Estar preparado para tudo é uma lembrança da noite mais traumática da história do futebol nacional. Deschamps estava em campo quando a França enfrentou a Bulgária na última rodada das eliminatórias para o Mundial de 1994, precisando apenas de um empate para voltar à competição depois de não ter se classificado em 1990. O jogo estava empatado até os 45 minutos do segundo tempo, quando o meia David Ginola, com a bola próxima à área, em vez de prendê-la esperar o fim da partida, tentou um cruzamento inexplicável. Os búlgaros partiram no contra-ataque e Kostadinov fez o segundo gol.

Eric Cantona depois tentou bater no responsável pelo erro. O técnico Gérard Houllier nunca perdoou o meia que custou o seu emprego com a jogada imprudente.

É una linha tênue para Deschamps. Ter um time de garotos e homogêneo (com média de 26 anos, a França tem o segundo elenco mais jovem na Rússia), mas não deixar a corda frouxa demais. Não há como um volante que primou, como jogador, pela disciplina tática dar liberdade excessiva para meninos como Mbappé, 19.
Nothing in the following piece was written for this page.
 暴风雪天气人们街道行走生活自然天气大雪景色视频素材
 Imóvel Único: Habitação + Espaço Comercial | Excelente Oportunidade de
“Acho que um pouco de medo não faz mal. Eu não sou um sujeito rigoroso demais, mas não estou aqui para ser simpático.”

Ter o melhor time e não necessariamente os melhores atletas já lhe causou problemas. Cantona disse que Benzema, envolvido em episódio de chantagem a Valbuena, que também era da seleção, não era mais chamado por Deschamps por racismo. O atacante tem ascendência argelina. É o mesmo Cantona que chamava o desafeto de “carregador de água” quando ambos atuavam pela seleção francesa. Alguém que não criava nada. Era apenas linha auxiliar para os melhores jogadores.
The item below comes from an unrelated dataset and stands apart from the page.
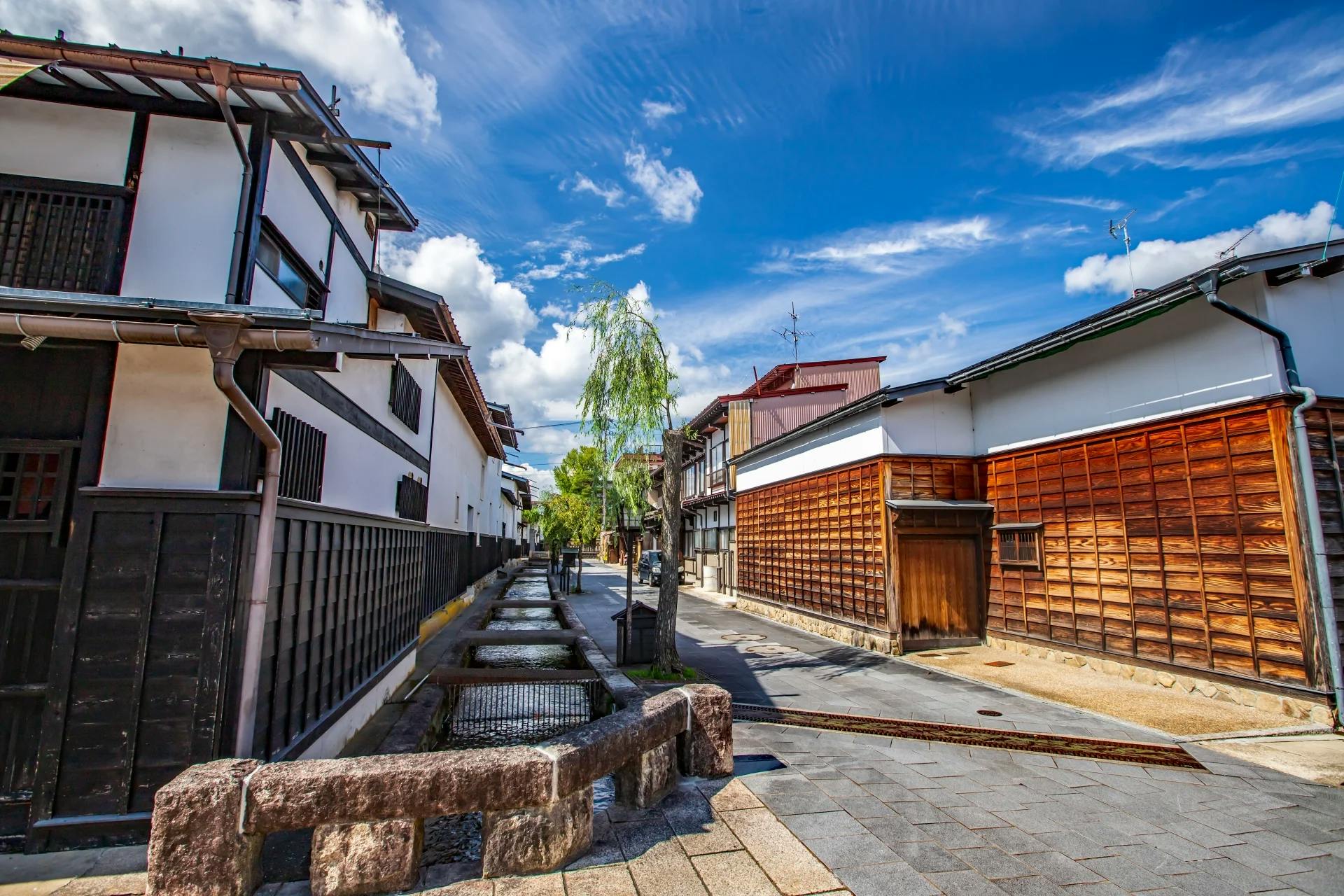 Takayama 1-Day Tour: Experience Hida-Furukawa’s Cultural Highlights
“Ele tem um nome realmente francês. Talvez seja o único na França a ter um nome verdadeiramente francês. Ninguém na família dele se mistura com ninguém, como os mórmons nos Estados Unidos”, acusou o hoje aposentado jogador e ator nas horas vagas.

Deschamps o processou, mas deixou passar outras críticas que o chamavam de treinador do estabilishment, alguém que se curvava à opinião de dirigentes.

Poderia responder que seus resultados como técnicos são bons. Na primeira temporada no Monaco levou o time à final da Liga dos Campeões em 2004. Fez o Olympique de Marselha ser campeão francês pela primeira vez depois de 18 anos. Sua jovem seleção francesa foi à decisão da Eurocopa de 2016, quando acabou derrotada na prorrogação por Portugal.

“Estou acostumado a que meus bons momentos não sejam tão ressaltados. Quando eu era jogador, era igual. Eu não fazia gols, então não aparecia quando a TV mostrava os melhores momentos”, afirma brincando, mas não muito.

As especialidades de Deschamps eram carrinhos, roubadas de bola, posicionamento e passes curtos. Nos dias de hoje, ele não faria fortuna com comerciais de marcas esportivas como acontece com Messi, Ronaldo, Neymar ou seu comandado Mbappé, por exemplo.

Mas pode ganhar muitos mais títulos se estiver no lugar certo na hora certa. É isso o que ele espera fazer na Copa do Mundo na Rússia.